On February 16, 2009, the Company announced that it had entered into a Severance and General Release Agreement with P. Douglas Ford, dated as of February 12, 2009 in connection with his resignation as Chief Financial Officer and Secretary of the Company, effective February 16, 2009.
Pursuant to the terms of the severance agreement, Mr. Ford is entitled to receive, in addition to amounts currently due to him for salary and benefits through his resignation date, an amount equal to $281,250 payable in equal monthly installments through November 15, 2009. The Company will continue to contribute to the premium cost of coverage of Mr. Ford under the Company's health insurance plans through February 15, 2010.
On February 12, 2009 the Board of Directors also elected Russell Hall as President and Chief Executive Officer.
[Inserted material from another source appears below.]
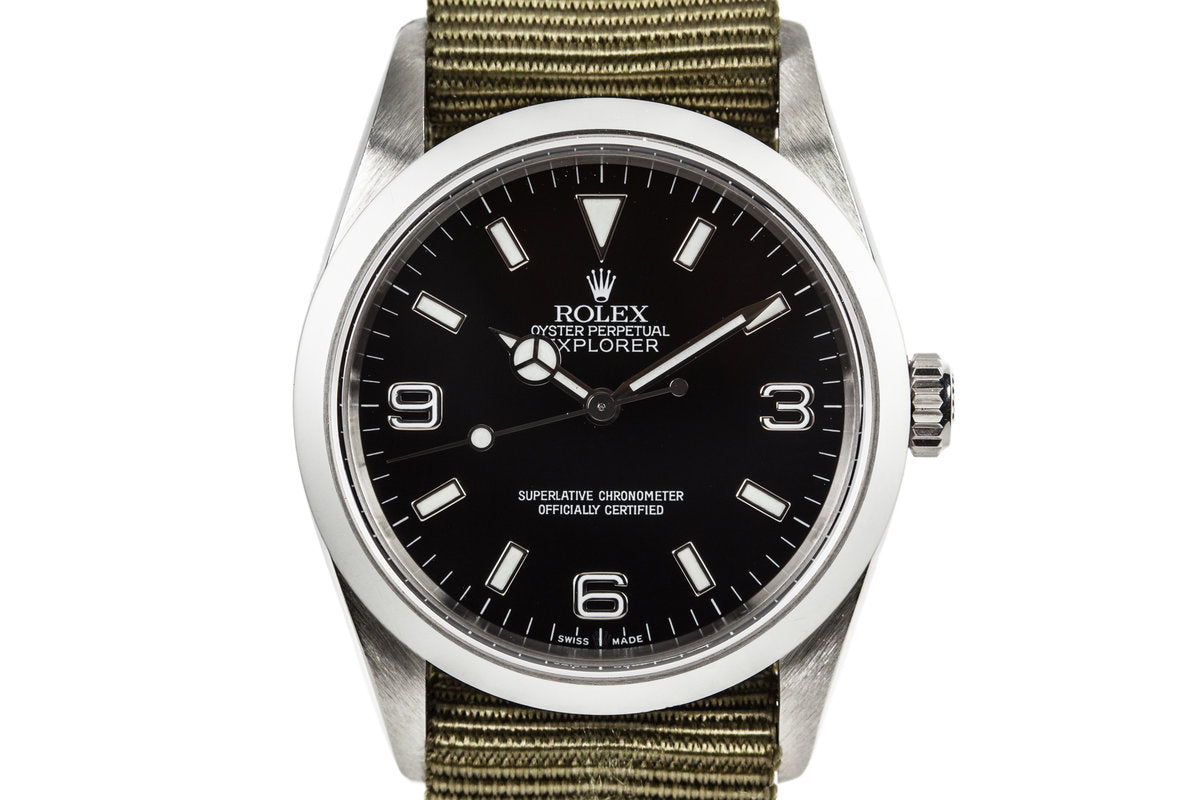 HQ Milton 2005 Rolex Explorer 114270, Inventory #9441, For Sale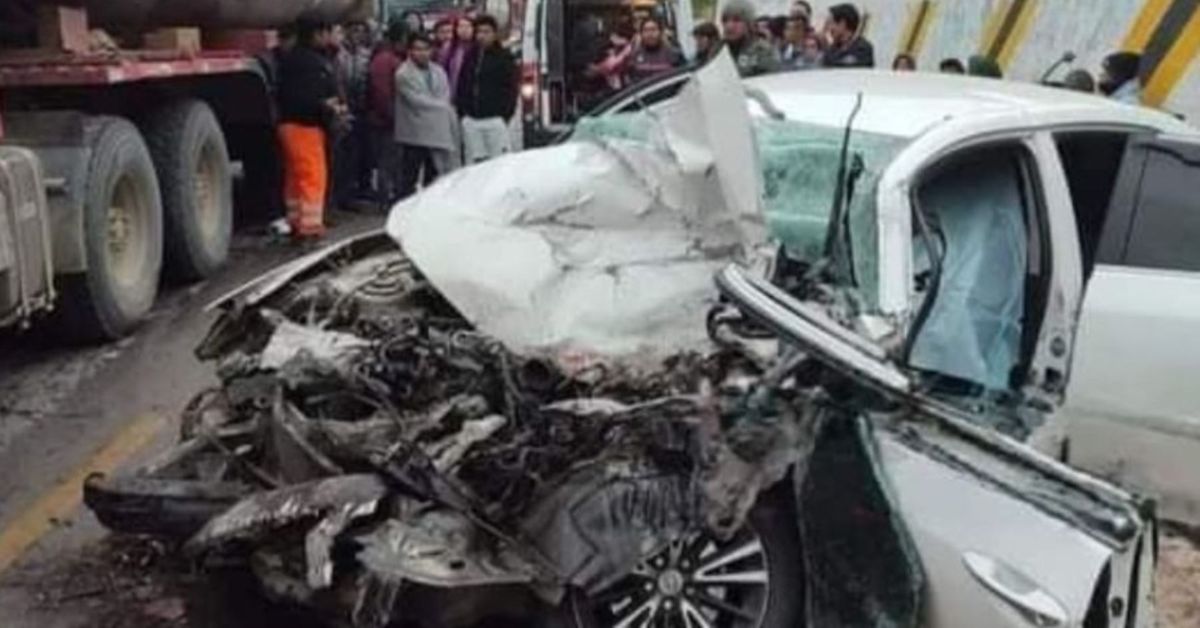 ¡trágico Accidente Choque Vehicular En Carretera Central Deja 2 Muertos Y Otros 2 Heridos 4189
Mr. Hall, age 51, has been with the Company since 2000 and most recently has been responsible for its Trotters, SoftWalk and Chambers divisions. In connection with his appointment, Mr. Hall's annual salary will be $340,000.
There is no arrangement or understanding between Mr. Hall and any other person, pursuant to which Mr. Hall is to be selected as an officer of the Company that would require disclosure under Item 401(b) of Regulation S-K. Additionally, there is no family relationship between Mr. Hall and any other person that would require disclosure under Item 401(d) of Regulation S-K. Mr. Hall is not a party to any transactions that would require disclosure under Item 404(a) of Regulation S-K.
On February 12, 2009 the Board of Directors also elected Dennis Nelson as Chief Financial Officer and Secretary. Mr. Nelson, age 36, has served as the Company's controller since June 2008. For more than five years prior to that time he served as the Director of Finance for TaylorMade-adidas Golf Company. In connection with his appointment, Mr. Nelson's annual salary will be $145,000.
There is no arrangement or understanding between Mr. Nelson and any other person, pursuant to which Mr. Nelson is to be selected as an officer of the Company that would require disclosure under Item 401(b) of Regulation S-K. Additionally, there is no family relationship between Mr. Nelson and any other person that would require disclosure under Item 401(d) of Regulation S-K. Mr. Nelson is not a party to any transactions that would require disclosure under Item 404(a) of Regulation S-K.
The Company's press release attached hereto as Exhibit 99.1, also announced these officer transitions.
(d) Exhibits
99.1 Press Release issued February 16, 2009.